Section 41-1-10. Hunting operations not nuisances under certain conditions
Latest version.
- (a) As used in this Code section, the term "hunting operation" means an operation including any of the following:
(1) Lands, including the buildings and improvements thereon, which are used or which are intended for use as a hunting club, hunting preserve, or shooting preserve;
(2) Lands, including the buildings and improvements thereon, which are used or which are intended for use as a kennel, training facility, or field trial facility for the breeding, showing, raising or training of hunting and sporting dogs; or
(3) Clubs, associations, partnerships, sole proprietorships, corporations and other business and social entities whose activities or holdings include the lands and uses described in paragraphs (1) and (2) of this subsection.

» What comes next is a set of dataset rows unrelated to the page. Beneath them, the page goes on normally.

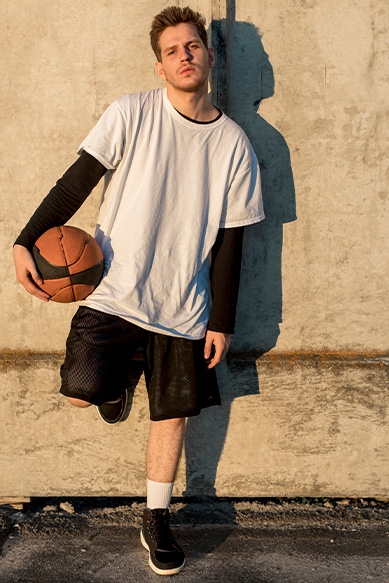 Jovem em roupa de basquete segurando bola.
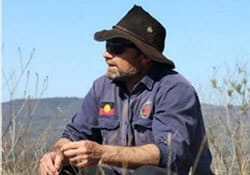 A man wearing a brown hat, sunglasses, and a blue shirt with an Aboriginal flag patch sits outdoors in a dry grassy area with hills in the background.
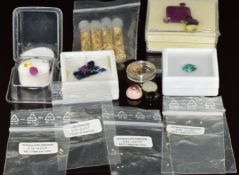 A collection of loose gemstones including ruby, opal, garnet, diamonds, enhanced blue diamonds,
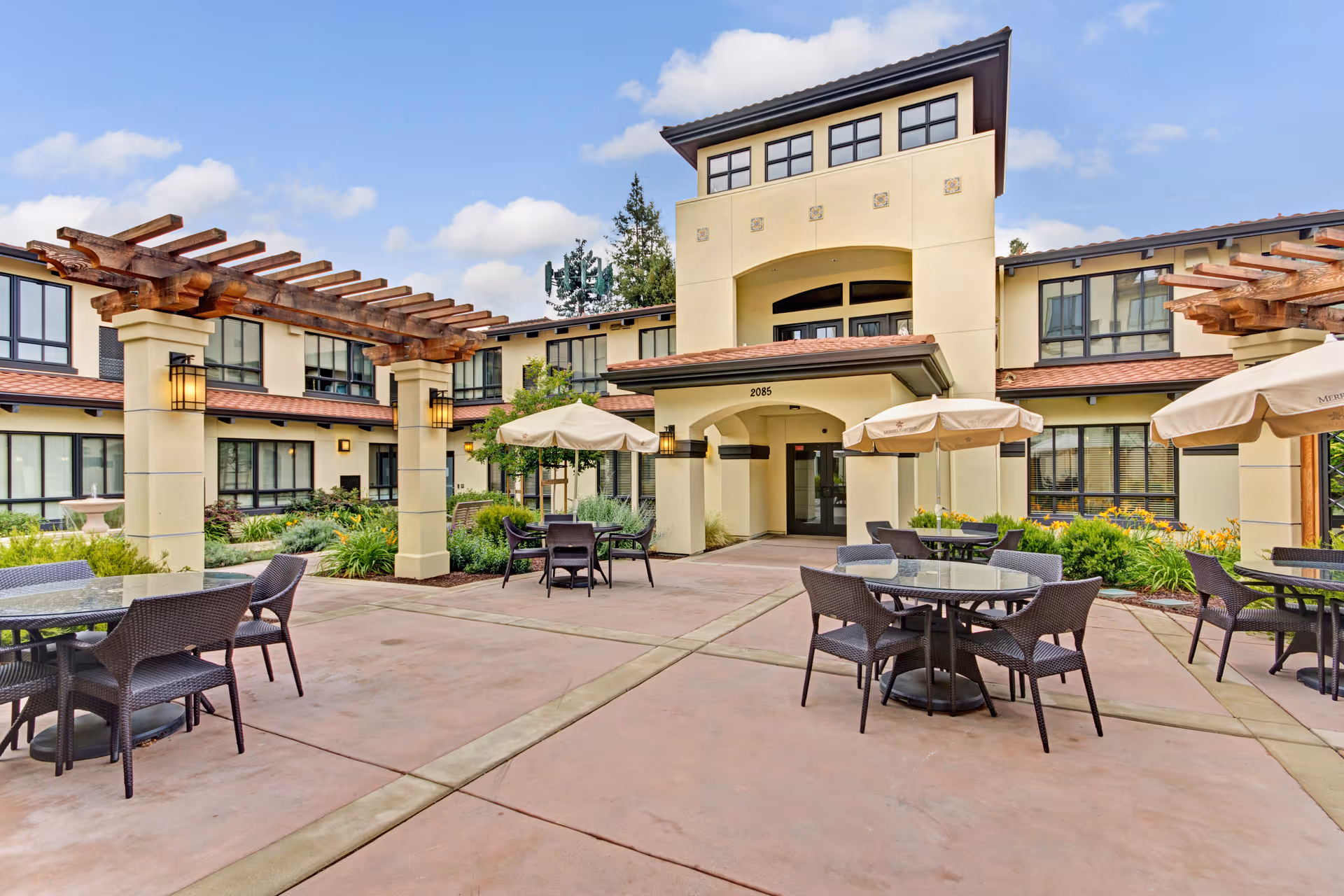 Outdoor courtyard area of Merrill Gardens at Campbell featuring patio tables with umbrellas, wicker chairs, pergolas, and landscaped greenery surrounding the seating area. The building exterior is visible with multiple windows and an entrance under an archway.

(b) No hunting operation shall be or shall become a nuisance, either public or private, solely as a result of changed conditions in or around the locality of such hunting operation if the hunting operation has been in operation for at least one year since the date on which it commenced activity as a hunting operation. Subsequent physical expansion of the hunting operation shall not establish a new date of commencement of activity for purposes of this Code section.
(c) No hunting operation shall be subject to any action for civil or criminal liability, damages, abatement, or injunctive relief resulting from or relating to lawful hunting activities generated by the hunting operation if the hunting operation remains in compliance with Title 27 and the rules and regulations adopted by the Board of Natural Resources pursuant to Title 27.
(d) This Code section shall not apply to hunting operations which are conducted in violation of any provision of Title 27 or the rules and regulations adopted by the Board of Natural Resources pursuant to Title 27.
Code 1981, § 42-1-10, enacted by Ga. L. 2010, p. 952, § 11/SB 474.